=== What you have to do ===
Transcribe nothing except the lines below that run from the one with "a view of a" to the one with "A rustic stone-walled", ends included, and do not copy any picture.

=== Data supplied ===
******
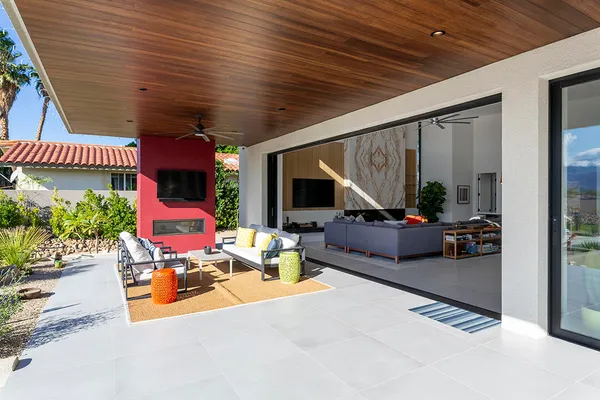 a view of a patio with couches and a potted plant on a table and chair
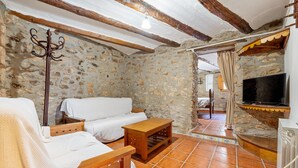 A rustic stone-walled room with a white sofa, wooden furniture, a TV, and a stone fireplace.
******
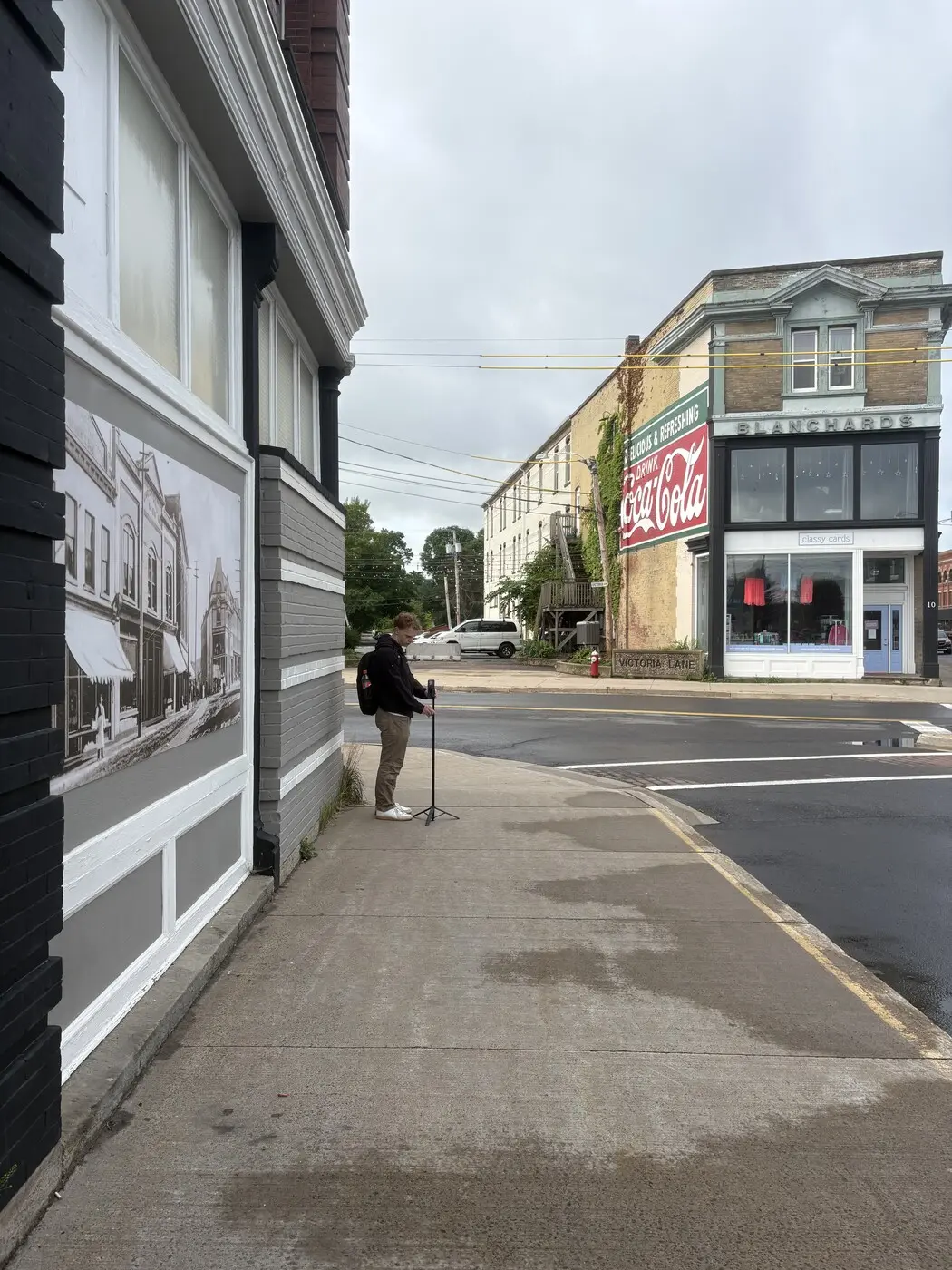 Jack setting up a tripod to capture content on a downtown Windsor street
******
=== Result of the exercise ===
 a view of a patio with couches and a potted plant on a table and chair
 A rustic stone-walled room with a white sofa, wooden furniture, a TV, and a stone fireplace.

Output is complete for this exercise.